Oh I understand, my post is mostly aimed at those who appear to believe
defying the vote result will be just shrugged off as if it were just another
case of politics.

The working classes are quite hard to politicize, but once they are involved
it is like a train speeding up on a track. The middle classes tend to have,
ah, more flexible opinions and less conviction about the world and their
beliefs shall we say. This isn't good or bad for either case, it's just so.

I think the chattering classes are underestimating the effects of a backlash
because they themselves are more flexible / less committed and their (wrong)
intuition that everybody else is the same. Sure there are lots of enthusiastic
and firm believers of <political paradigm> in the middle class, but they are a
minority. Most middle class people will eventually accommodate the idea of a
Britain without the EU. The working classes will not respond in the same way,
because once they commit to a political ideal it is much harder to shift them.
That's a grudge that's never going away, even if there somehow magically was
no rioting.

> I was just trying to explain what - from what I read so far - seems the most
> probable strategy for the next months.

That would be my hunch too. Looks like we're about to enter interesting times.

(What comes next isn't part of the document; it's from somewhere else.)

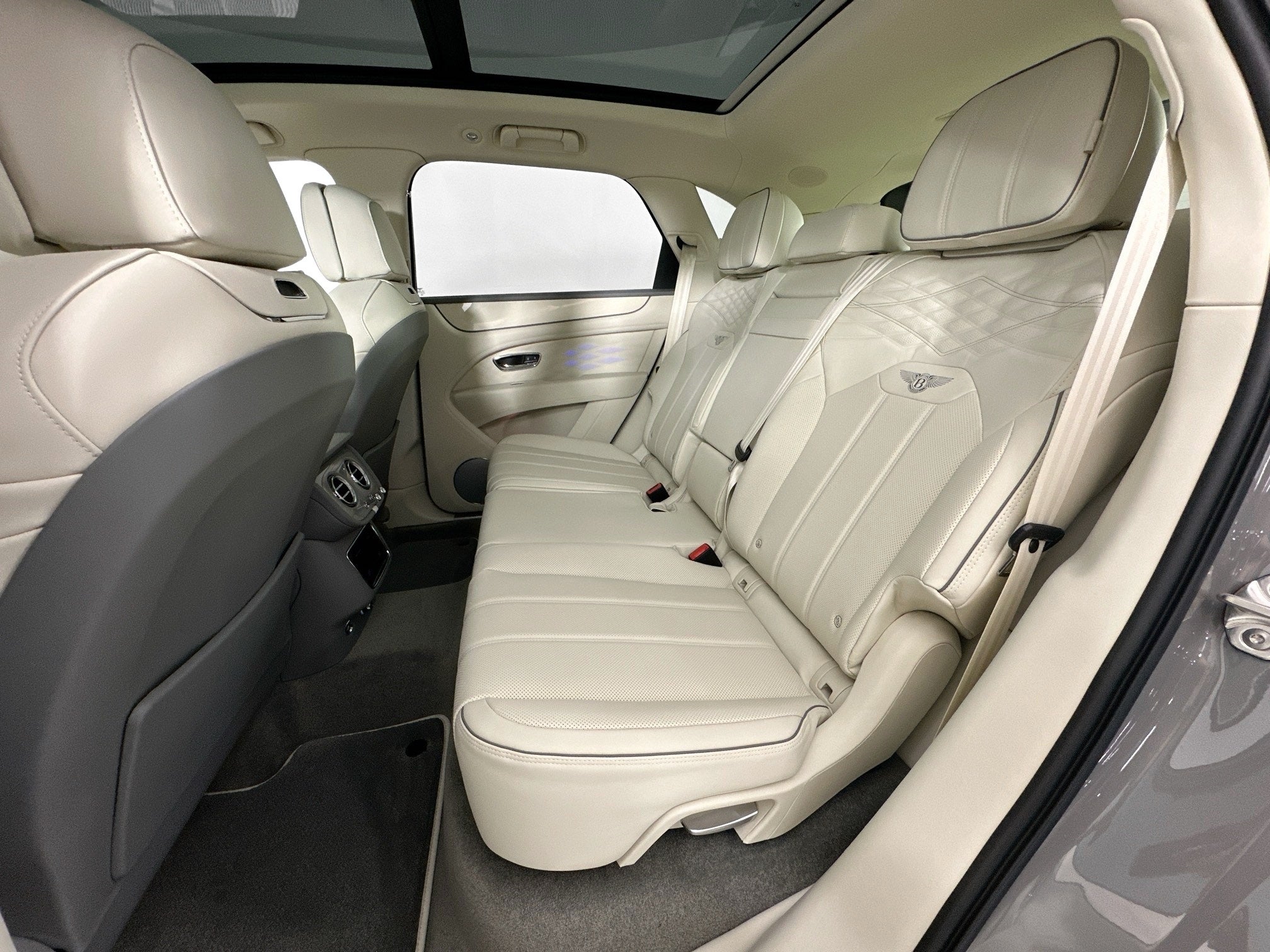 2025 Bentley Bentayga Atelier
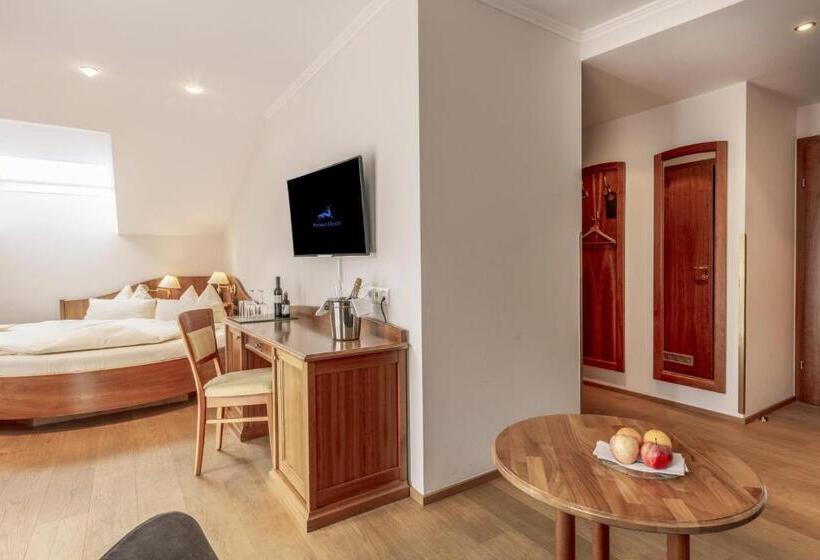 주니어 스위트, Weisser Hirsch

> Also, while the economic results of the Leave might be exaggerated (as part
> of the same strategy I was explaining) do you think that Leave supporters
> have properly considered the risks of splintering UK (Scotland, Northern
> Ireland and possibly Wales deciding to get independence)?

No. I don't even think the Remain side considered this proper or they would
have emphasized it much more in their propaganda instead of economics. However
Scotland wants to leave anyway, Brexit is more of an pretext for that than a
cause. I am confident Wales and Northern Ireland will stay with England.
Politically speaking the Scots and Home Counties don't have a lot in common,
the South is much more right wing than the North, so I don't think a 'deal'
ameliorates the situation if it succeeds in Scotland staying and Britain stays
in the EU.

I suspect, and I'm not very sure of this, this is just a guess, that the EU
officials are going to deny Scotland entry to the EU even if they become an
independent state which will piss them off no end (this is to prevent a
precedent setting off country fragmentation in Europe e.g. Catalonia). I think
the closing of ranks against Juncker has something to do with this. Then an
olive branch will be offered to the British. Obviously there's quite a gap
between the cup and lip here so we'll have to wait and see.